In earlier versions of sklearn's MinMaxScaler one could specify the minimum and maximum values based on which the scaler would normalize the data. In other words, the following was possible:
from sklearn import preprocessing
import numpy as np
x_data = np.array([[66,74,89], [1,44,53], [85,86,33], [30,23,80]])
scaler = preprocessing.MinMaxScaler()
scaler.fit ([-90, 90])
b = scaler.transform(x_data)
This would cause the array above to be scaled to the range of (0,1) with the minimum possible value of -90 becoming 0, the maximum possible value of 90 becoming 1 and with all the values in-between getting scaled accordingly. With version 0.21 of sklearn this throws an error:
ValueError: Expected 2D array, got 1D array instead:
array=[-90. 90.].
Reshape your data either using array.reshape(-1, 1) if your data has a single feature or array.reshape(1, -1) if it contains a single sample.

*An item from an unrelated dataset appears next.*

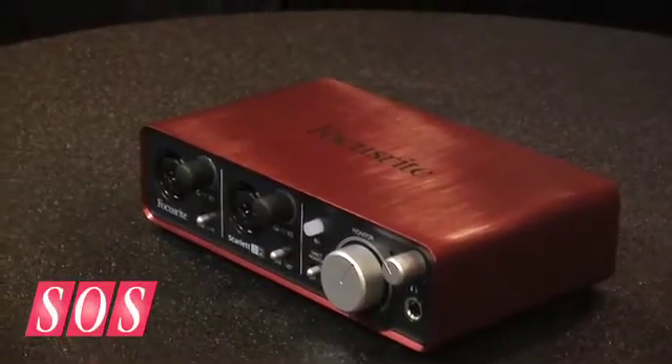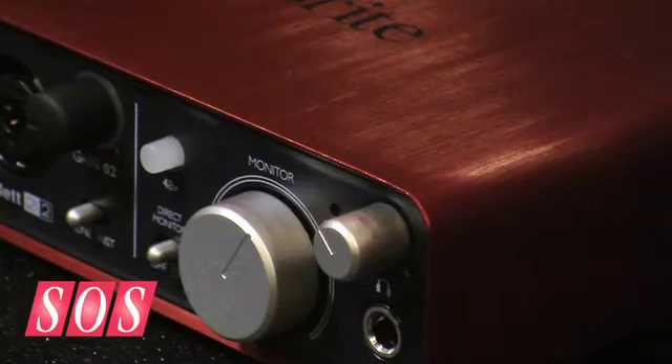Very few bells and whistles — we've really focused on audio quality. So if you're looking for the best way to get two channels in and two channels out and preserve sound quality, that's the Focusrite Scarlett 2i2.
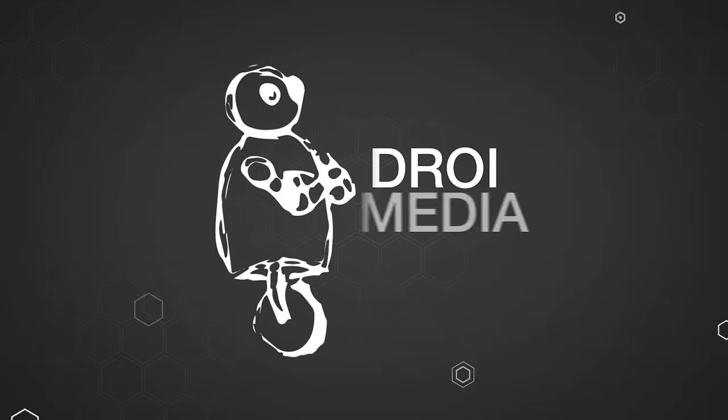Hey everyone, Adam at Droid Media here, and in this video we are going over a game-changing lavalier microphone trick. Lavalier microphones are very common in the video production and filmmaking industries, and if your projects like mine revolve around testimonials or interviews, you undoubtedly have a lavalier microphone in your kit.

I turned scaler.fit ([-90, 90])
to scaler.fit ([[-90, 90]])
, but then I got:
ValueError: operands could not be broadcast together with shapes (4,3) (2,) (4,3)
I know for a fact that I can do scaler.fit (x_data)
, but this leads to the following result after tranform:
[0. 0.33333333 0.35714286]
[1. 1. 0. ]
[0.3452381 0. 0.83928571]]
My issue with that is twofold: 1) the numbers do not seem to be correct. They were supposed to be scaled between 0 and 1, but I get many 0s and many 1s for values that should be higher and lower respectively. 2) what if I want to scale every future array to a range of (0,1) based on a fixed range of, say, (-90. 90)? This was a convenient feature, but now I have to use a specific array to do my scaling. What is more, the scaling will produce different results every time because I will have to fit every future array anew, thus receiving variable results.
Am I missing something here? Is there a way to keep this nifty feature? And if there isn't, how will I make sure my data is scaled correcty and consistently every time?